Ingham published a follow-up blog post this morning in which he criticised the charity’s "shocking behaviour", calling it "one of the most blatant examples of taking advantage of interns I’ve seen in the last couple of years".
Gareth Streeter, head of PR and external relations at the charity, told PRWeek last week he was "confident that we are acting within the spirit and letter of the law" and that he welcomed the debate. Streeter said interns receive a structured mentoring programme, adding that the charity uses volunteer staff in other capacities.
Ingham described the response as "GCSE-level Spin 101".

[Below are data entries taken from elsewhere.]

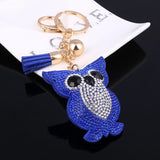 Owl  Keychain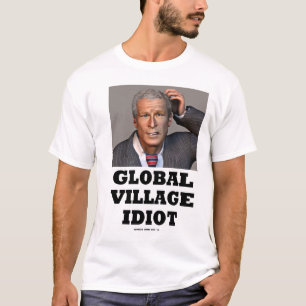 ジョージ・ブッシュ Tシャツ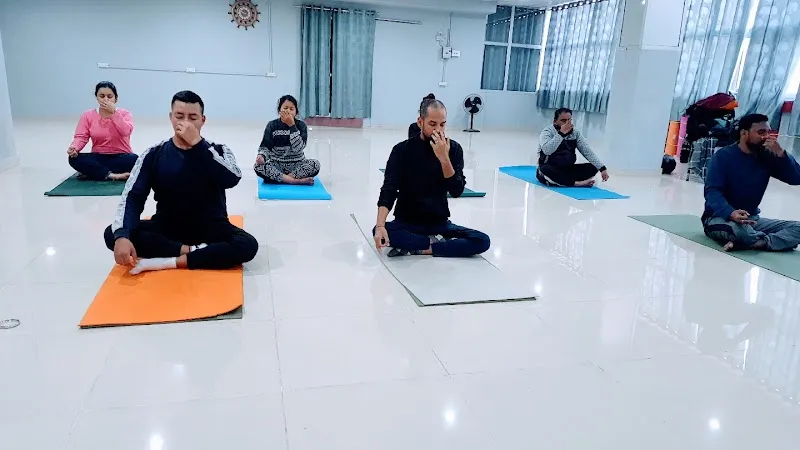 Rudransh Yogashala
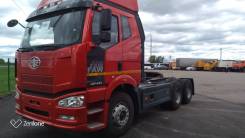 FAW CA4250P66K24T1A1E4, 2018 в Омске FAW CA4250P66K24T1A1E4. Продается седельный тягач FAW., 11 040 куб. см., 26 000 кг., 6x4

"Say that you welcome something you clearly don’t. Try to distract by comparing your offering with something supposedly worse. Say that actually, you’re doing the people you’re exploiting a favour. And then say that it’s perfectly commonplace, so what’s the problem?"
Ingham said he would veto Streeter’s application should he attempt to join the PRCA. "He doesn’t deserve to be a member of our industry. His organisation is shamelessly exploiting interns. He’s defending that exploitation. He should be ashamed of himself."
Ingham added: "Being a charity doesn’t mean that you have no moral or legal responsibilities. It should, if anything, mean that you have more. If Oasis UK had any shame, they’d reverse their position. Do the right thing. Pay their interns.
"I’m sending a copy of this blog to the Charity Commission and to the Cabinet Office. There is quite simply no place for such exploitation in the UK in 2016. It’s time to call out intern exploitation. And we won’t hesitate to do so."
Streeter told PRWeek last week: "We have volunteers in a lot of roles, in food banks, in lots of places - is it necessarily wrong that we would seek people with great skills to help us with our PR and policy work? Is that in some way less viable for a volunteer?"
A 2013 report by union Unite and campaign group Intern Aware found that more than a third of the biggest charities in the country do not pay interns, according to an article in PRWeek sister title Third Sector.
Objections to unpaid internships, alongside legal concerns, include the worry that they are not lilkely to be viable options for those from poorer backgrounds.